Speeding up execution of the wrapper

At this point no doubt there will be people wanting to point out that this so called better way of implementing a decorator is too slow to be practical to use, even if it is more correct as far as properly honouring things such as the descriptor protocol for method invocation.

Is there therefore anything that can be done to speed up the implementation?

That is of course a stupid question for me to be asking because you should realise by now that I would find a way. :-)

The path that can be taken at this point is to implement everything that has been described for the function wrapper and object proxy as a Python C extension module. For simplicity we can keep the decorator factory itself implemented as pure Python code as execution of that is not time critical as it would only be invoked once when the decorator is applied to the function and not on every call of the decorated function.

One thing I am definitely not going to do is blog about how to go about implementing the function wrapper and object proxy as a Python C extension module. Rest assured though that it works in the same way as the parallel pure Python implementation. It does obviously though run a lot quicker due to being implemented as C code using the Python C APIs rather than as pure Python code.

What is the result then by implementing the function wrapper and object proxy as a Python C extension module? It is:
1000000 loops, best of 3: 0.382 usec per loop
So although a lot more effort was required in actually implementing the function wrapper and object proxy as a Python C extension module, the effort was well worth it, with the results now being very close to the implementation of the decorator that used a function closure.

Normal functions vs methods of classes

So far we have only considered the case of decorating a normal function. As expected, due to the introduction of an extra level of indirection as well as the function wrapper being implemented as a class, overhead was notably more. Albeit, that it was still in the order of only half a microsecond.

All the same, we were able to speed things up to a point, by implementing our function wrapper and object proxy as C code, where the overhead above that of a decorator implemented as a function closure was negligible.

What now about where we decorate methods of a class. That is, instance methods, class methods and static methods. For that you will need to wait until the next blog post in this series on decorators.


Alexander said...

Have you considered using function that does something rather then empty one?

Graham Dumpleton said...

How would that help or make a difference?

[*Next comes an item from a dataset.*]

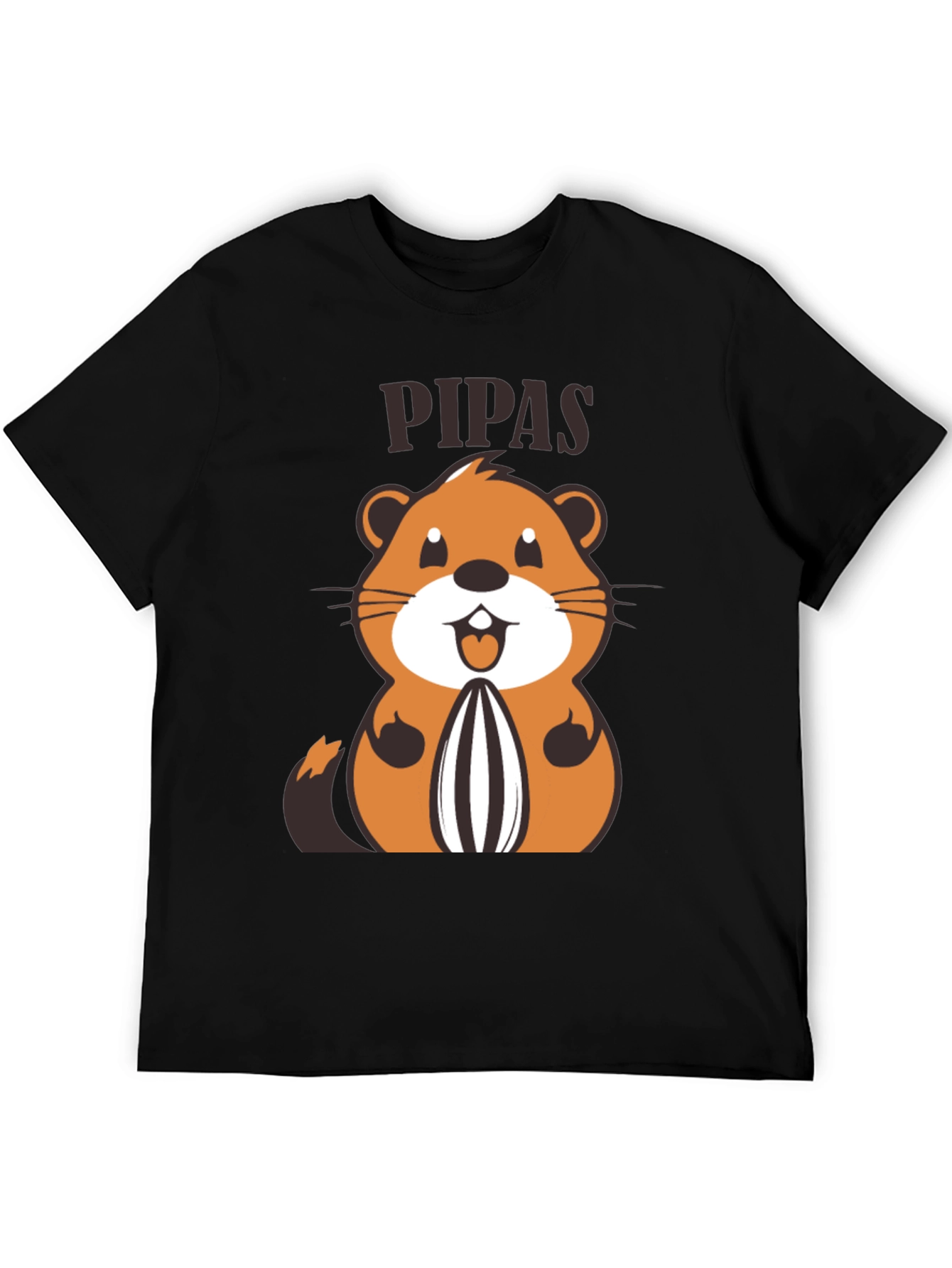 Black Funny PIPAS T-Shirt with Cartoon Animal Design view 5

The point of the exercise is to try and quantify how much extra base overhead there is to using this approach to implementing a decorator. As soon as you have the function being wrapped doing actual work, then that extra overhead quickly goes down as a percentage of the total cost of calling the wrapped function and ends up being indistinguishable noise.

So, for functions which are already expensive to call, adding a decorator isn't going to make any real difference. So it is more important to look towards where the function is intended to be as quick as possible as people get concerned about the cumulative overhead of having a decorator if such a function is called a large number of times. This is especially the case for high performance web applications where people have a web application and are after response times in milliseconds.

The impact of any overhead will become more apparent when I get a chance to do the followup post which looks at the overhead of applying a decorator to a method of a class.

A. Jesse Jiryu Davis said...

A great article in a fantastic series of articles. This whole analysis of decorators is a substantial contribution to the field.